Problem description: Report back the lines in this listing that carry the string "Queen".

____________

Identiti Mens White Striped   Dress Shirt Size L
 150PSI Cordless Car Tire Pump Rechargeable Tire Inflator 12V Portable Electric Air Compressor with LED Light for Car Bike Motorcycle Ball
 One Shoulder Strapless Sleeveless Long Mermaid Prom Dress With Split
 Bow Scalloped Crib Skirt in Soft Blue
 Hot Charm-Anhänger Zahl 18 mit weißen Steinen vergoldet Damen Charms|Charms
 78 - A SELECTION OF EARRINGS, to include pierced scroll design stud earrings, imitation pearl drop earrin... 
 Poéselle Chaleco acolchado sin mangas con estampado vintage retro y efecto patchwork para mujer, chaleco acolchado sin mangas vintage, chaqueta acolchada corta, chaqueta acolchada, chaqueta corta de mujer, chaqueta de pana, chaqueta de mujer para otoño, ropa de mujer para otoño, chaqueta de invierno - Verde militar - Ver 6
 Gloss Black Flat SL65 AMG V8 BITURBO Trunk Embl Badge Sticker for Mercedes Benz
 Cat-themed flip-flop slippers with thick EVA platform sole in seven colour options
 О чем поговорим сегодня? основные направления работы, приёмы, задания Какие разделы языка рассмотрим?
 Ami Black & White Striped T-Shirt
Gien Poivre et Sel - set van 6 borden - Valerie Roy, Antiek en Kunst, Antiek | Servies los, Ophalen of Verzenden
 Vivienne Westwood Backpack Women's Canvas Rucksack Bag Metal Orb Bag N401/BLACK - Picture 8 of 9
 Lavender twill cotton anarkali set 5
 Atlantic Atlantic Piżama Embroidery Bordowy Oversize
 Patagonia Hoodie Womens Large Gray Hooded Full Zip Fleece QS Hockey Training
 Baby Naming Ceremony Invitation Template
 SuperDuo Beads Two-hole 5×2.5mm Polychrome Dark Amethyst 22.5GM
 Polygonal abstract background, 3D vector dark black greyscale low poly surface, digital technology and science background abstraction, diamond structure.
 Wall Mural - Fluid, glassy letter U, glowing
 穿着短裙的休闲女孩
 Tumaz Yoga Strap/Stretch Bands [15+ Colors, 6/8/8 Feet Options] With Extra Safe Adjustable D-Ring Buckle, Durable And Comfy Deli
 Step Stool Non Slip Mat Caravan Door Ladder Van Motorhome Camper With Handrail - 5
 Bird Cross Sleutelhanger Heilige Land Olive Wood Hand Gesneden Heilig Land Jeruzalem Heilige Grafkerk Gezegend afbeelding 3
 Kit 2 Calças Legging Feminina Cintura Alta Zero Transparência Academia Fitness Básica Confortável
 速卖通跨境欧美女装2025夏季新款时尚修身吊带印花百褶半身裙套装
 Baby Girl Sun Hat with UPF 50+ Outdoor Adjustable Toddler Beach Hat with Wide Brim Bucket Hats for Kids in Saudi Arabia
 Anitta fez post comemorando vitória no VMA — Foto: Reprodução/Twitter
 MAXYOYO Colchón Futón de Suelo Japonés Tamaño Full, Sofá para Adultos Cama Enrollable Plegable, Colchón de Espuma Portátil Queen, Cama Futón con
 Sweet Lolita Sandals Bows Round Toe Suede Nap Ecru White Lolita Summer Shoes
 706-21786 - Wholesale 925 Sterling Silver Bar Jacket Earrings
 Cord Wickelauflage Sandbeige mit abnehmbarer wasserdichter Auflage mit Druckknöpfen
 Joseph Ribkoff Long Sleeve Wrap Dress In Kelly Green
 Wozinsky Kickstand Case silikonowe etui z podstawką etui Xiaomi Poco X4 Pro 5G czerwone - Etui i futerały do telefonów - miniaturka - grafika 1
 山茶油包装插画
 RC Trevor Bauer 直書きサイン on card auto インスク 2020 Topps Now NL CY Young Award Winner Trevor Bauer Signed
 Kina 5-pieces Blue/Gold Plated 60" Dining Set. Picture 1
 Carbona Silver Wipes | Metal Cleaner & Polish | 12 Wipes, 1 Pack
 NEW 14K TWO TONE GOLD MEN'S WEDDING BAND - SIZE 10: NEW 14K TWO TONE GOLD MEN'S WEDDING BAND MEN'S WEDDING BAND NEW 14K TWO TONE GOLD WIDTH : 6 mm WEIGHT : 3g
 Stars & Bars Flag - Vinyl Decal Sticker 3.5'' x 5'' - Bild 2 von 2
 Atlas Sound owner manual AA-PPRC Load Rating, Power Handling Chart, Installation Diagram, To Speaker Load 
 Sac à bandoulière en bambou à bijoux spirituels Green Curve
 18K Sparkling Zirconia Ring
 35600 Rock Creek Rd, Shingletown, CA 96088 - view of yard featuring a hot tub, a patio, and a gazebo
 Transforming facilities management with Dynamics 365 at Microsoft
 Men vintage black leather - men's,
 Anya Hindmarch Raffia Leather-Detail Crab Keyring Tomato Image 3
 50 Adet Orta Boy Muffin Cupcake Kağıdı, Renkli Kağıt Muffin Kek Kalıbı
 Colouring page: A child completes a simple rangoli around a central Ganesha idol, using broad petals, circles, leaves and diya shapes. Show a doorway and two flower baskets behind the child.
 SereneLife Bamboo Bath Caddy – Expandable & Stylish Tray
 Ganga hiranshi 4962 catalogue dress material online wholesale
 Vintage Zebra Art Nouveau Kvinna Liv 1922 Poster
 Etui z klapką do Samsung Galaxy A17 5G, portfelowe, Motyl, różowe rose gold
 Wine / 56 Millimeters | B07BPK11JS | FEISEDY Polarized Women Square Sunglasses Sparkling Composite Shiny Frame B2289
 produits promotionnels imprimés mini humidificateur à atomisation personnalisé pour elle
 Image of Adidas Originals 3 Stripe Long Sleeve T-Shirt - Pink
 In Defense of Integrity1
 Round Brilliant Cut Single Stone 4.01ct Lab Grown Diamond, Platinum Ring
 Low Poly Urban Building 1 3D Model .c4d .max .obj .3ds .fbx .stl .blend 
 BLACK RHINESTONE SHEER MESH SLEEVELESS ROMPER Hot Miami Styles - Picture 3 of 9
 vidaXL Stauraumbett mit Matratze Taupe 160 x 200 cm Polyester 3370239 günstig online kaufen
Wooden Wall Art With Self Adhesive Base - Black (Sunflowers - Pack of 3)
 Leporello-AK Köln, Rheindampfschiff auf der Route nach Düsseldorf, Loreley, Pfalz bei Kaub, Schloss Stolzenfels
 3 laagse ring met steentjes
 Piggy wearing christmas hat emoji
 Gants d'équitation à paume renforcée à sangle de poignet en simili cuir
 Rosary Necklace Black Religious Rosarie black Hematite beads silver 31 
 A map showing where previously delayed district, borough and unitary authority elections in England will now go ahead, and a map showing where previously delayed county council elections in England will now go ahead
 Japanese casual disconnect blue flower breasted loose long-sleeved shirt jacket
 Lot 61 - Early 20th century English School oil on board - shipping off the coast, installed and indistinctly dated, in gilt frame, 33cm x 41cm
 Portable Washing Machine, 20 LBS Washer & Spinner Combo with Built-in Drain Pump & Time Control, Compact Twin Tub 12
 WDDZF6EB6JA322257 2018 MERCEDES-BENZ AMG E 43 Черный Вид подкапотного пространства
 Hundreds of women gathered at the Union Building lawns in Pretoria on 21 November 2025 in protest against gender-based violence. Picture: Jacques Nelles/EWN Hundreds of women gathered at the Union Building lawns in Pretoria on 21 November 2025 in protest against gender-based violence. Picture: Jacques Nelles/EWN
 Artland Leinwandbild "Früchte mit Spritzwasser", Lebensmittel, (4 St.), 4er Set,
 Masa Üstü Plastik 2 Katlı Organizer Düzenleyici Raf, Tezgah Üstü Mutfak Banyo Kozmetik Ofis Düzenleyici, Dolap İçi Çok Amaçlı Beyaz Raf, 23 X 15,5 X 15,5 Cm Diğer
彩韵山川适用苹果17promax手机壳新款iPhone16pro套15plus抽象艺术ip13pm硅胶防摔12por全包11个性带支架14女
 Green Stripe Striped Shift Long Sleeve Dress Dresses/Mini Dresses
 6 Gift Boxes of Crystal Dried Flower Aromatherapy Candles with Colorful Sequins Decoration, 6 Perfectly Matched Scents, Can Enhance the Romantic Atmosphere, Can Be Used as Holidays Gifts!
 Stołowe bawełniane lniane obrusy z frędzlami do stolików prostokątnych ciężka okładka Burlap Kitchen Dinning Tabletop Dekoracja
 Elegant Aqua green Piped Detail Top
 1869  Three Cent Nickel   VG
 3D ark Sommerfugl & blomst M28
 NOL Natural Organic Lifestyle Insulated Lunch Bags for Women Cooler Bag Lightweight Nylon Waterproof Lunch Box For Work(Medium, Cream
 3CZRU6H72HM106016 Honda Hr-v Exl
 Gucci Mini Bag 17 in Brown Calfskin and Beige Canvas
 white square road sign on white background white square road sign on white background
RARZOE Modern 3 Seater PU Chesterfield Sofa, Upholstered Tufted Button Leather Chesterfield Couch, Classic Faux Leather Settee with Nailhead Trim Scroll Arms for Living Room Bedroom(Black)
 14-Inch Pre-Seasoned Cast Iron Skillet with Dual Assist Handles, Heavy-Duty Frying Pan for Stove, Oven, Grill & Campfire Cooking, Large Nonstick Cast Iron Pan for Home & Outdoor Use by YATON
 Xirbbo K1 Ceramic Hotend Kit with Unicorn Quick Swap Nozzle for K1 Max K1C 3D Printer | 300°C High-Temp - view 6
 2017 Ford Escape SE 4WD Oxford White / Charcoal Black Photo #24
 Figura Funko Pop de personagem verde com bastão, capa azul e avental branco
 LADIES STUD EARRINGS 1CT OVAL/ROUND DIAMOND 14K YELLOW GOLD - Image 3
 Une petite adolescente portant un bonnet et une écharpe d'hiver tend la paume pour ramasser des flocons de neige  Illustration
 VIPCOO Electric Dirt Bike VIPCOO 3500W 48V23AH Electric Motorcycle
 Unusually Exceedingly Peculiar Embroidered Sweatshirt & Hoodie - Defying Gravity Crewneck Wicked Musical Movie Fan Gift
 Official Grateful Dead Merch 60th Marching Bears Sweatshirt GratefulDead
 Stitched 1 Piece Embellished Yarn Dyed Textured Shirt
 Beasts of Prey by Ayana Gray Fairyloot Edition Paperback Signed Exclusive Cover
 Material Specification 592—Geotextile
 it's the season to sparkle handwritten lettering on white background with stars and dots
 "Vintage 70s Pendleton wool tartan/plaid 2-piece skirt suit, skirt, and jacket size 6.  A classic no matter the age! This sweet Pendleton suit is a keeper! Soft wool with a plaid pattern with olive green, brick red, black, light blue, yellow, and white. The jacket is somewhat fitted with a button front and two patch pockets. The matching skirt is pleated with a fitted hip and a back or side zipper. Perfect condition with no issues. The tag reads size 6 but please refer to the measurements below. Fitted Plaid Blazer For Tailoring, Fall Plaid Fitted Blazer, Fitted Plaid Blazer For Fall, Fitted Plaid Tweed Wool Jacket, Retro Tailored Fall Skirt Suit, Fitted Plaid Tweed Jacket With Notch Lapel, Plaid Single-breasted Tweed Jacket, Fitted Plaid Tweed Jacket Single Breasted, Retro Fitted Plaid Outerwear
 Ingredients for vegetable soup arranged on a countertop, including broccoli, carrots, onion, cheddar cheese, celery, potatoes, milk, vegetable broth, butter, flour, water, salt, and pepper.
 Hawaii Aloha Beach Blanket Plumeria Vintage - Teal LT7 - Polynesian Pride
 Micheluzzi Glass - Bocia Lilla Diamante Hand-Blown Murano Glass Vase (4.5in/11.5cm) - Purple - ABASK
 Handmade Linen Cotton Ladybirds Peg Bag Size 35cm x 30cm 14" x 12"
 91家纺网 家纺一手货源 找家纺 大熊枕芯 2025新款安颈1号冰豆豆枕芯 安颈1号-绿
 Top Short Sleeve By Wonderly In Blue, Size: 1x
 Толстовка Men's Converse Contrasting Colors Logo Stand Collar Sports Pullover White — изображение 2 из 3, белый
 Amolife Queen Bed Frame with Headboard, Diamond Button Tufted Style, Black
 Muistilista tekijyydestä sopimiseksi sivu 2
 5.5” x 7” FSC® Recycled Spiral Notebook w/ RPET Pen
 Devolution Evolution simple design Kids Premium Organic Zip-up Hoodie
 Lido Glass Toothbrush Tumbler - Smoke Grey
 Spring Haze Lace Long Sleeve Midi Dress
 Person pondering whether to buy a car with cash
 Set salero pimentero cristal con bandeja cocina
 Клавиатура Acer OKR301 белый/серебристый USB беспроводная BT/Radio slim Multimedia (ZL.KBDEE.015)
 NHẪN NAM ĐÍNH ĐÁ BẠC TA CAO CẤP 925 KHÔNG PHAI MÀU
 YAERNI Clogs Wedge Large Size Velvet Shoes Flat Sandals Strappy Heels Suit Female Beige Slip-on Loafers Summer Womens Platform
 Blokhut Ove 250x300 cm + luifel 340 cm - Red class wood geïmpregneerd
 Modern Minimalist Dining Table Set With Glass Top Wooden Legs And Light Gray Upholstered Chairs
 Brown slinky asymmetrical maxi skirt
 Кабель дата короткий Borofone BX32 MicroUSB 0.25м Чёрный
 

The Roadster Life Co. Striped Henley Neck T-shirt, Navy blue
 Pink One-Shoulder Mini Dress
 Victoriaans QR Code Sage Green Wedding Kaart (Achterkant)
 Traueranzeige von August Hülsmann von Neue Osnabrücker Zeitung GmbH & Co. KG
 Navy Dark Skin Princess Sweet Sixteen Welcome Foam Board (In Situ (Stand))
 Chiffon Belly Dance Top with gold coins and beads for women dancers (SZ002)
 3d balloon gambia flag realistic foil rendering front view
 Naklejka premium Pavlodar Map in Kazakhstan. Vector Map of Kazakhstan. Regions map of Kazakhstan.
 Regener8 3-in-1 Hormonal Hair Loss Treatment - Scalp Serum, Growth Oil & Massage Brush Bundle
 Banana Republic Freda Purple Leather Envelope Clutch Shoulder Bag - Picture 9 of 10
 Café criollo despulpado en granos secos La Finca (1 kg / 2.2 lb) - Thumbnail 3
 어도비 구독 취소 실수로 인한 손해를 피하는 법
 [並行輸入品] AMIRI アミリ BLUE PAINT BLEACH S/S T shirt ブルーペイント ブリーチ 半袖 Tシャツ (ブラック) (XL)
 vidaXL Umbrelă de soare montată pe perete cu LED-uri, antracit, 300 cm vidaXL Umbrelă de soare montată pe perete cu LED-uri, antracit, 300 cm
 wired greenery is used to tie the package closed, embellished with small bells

____________

Result of this task:
 MAXYOYO Colchón Futón de Suelo Japonés Tamaño Full, Sofá para Adultos Cama Enrollable Plegable, Colchón de Espuma Portátil Queen, Cama Futón con
 Amolife Queen Bed Frame with Headboard, Diamond Button Tufted Style, Black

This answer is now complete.